APPEAL from an order of
the circuit court for Waupaca County:
PHILIP M. KIRK, Judge. Affirmed.
Before Eich, C.J.,
Dykman, P.J., and Vergeront, J.
PER CURIAM.[1] Robert
Lubinski appeals from an order modifying child support. The issue is whether the trial court
erroneously exercised its discretion because it did not further reduce Robert's
support obligation. We conclude that
the trial court appropriately exercised its discretion in reducing support when
it found that Robert would become a shared-time payer, according to the
parties' anticipated placement schedule (projection), despite his failure to
conclusively establish the number of overnights he would have with his son,
Ryan. Therefore, we affirm.
The parties' divorce
judgment awarded Marsha primary placement of Ryan and awarded Robert
"reasonable and liberal" visitation.
Robert was paying $265 monthly child support, which was comparable to
seventeen percent of his gross income. See
Wis. Adm. Code § HSS
80.03(1)(a). The parties informally modified the placement schedule and
during the most recent year, Robert had Ryan for eighty-nine overnights. The parties have now agreed to a new
schedule in which they anticipate that Robert will have more overnights. This projection prompted Robert to move to
modify child support.
The trial court
concluded that the pattern of Ryan's increased placement with Robert
constituted a substantial change of circumstances. It found that Robert would meet the threshold of 109.5
overnights annually, or thirty percent of the year, changing his status to a
shared-time payer. See Wis. Adm. Code § HSS 80.02(25)

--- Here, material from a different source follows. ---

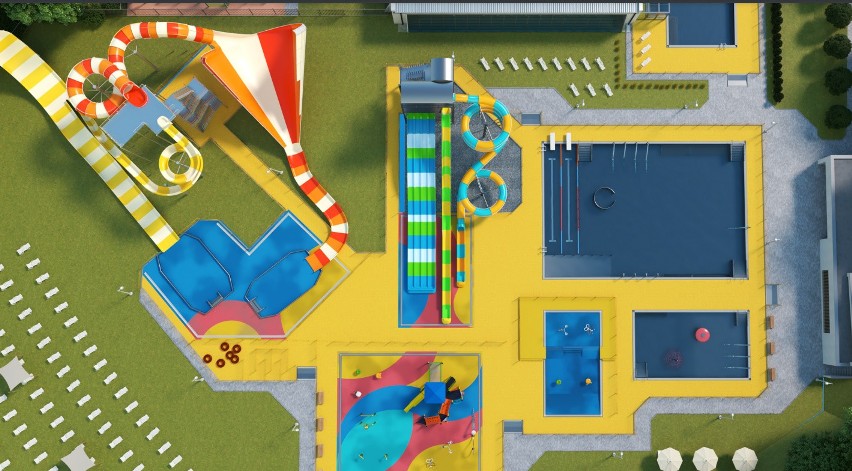 Wizualizacje kompleksu basenów w Raciborzu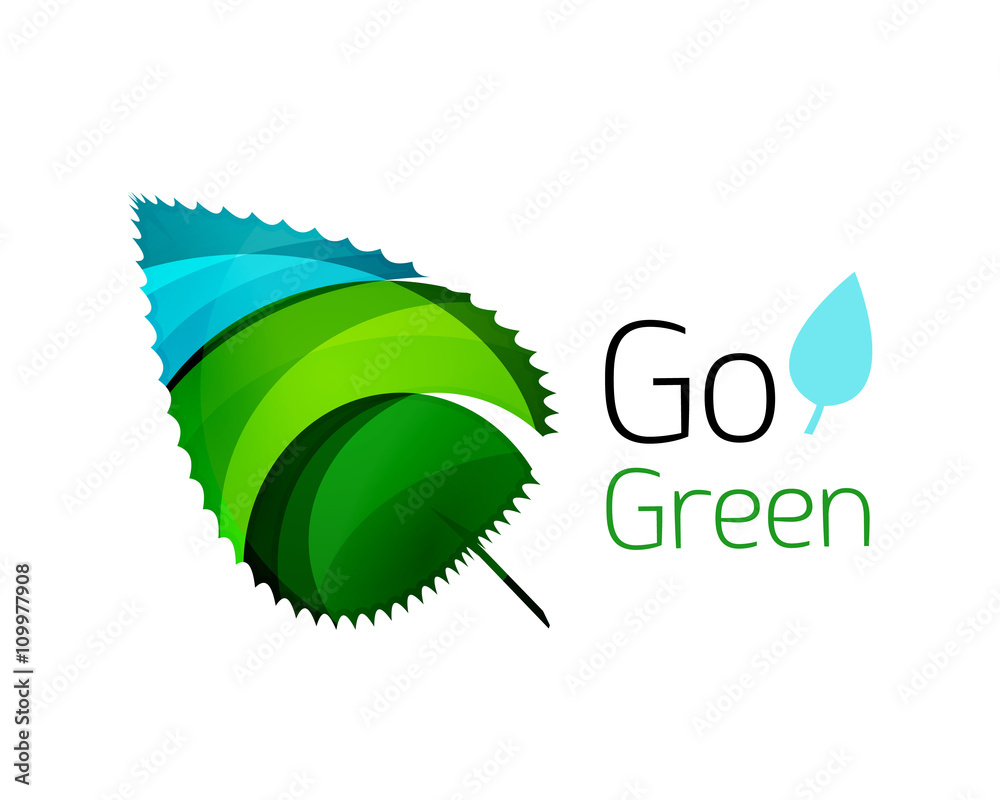 Plakat Go green abstract nature logo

and (28). The trial court reduced
Robert's child support from seventeen percent to fourteen percent of his gross
income, comparable to having Ryan approximately thirty-six percent of the
year. See Wis. Adm. Code § HSS 80.04(2)(b).
It also reasoned that "if at the end of the year" Robert could
establish that he had Ryan "around
150 nights," then "another adjustment is appropriate."
The trial court has the
discretion to modify a child support award once the movant has established a
substantial or material change of circumstances. See Long v. Wasielewski, 147 Wis.2d 57, 60,
432 N.W.2d 615, 616 (Ct. App. 1988). No
one disputes that there is a pattern of increased placement with Robert which
constitutes a substantial change of circumstances.
Robert's criticism is
that the trial court refused to reduce support to reflect the most recent
placement projection. Although Robert
claims that he will have Ryan a minimum of forty-one percent of the year, the
trial court found that Robert had not conclusively established the precise
number of overnights he will have with Ryan over the thirty percent threshold.
The trial court
considered the most recent past, along with the parties' new projection, and
concluded that Robert will have Ryan a minimum of 109.5 overnights annually,
meeting the thirty percent threshold of Wis.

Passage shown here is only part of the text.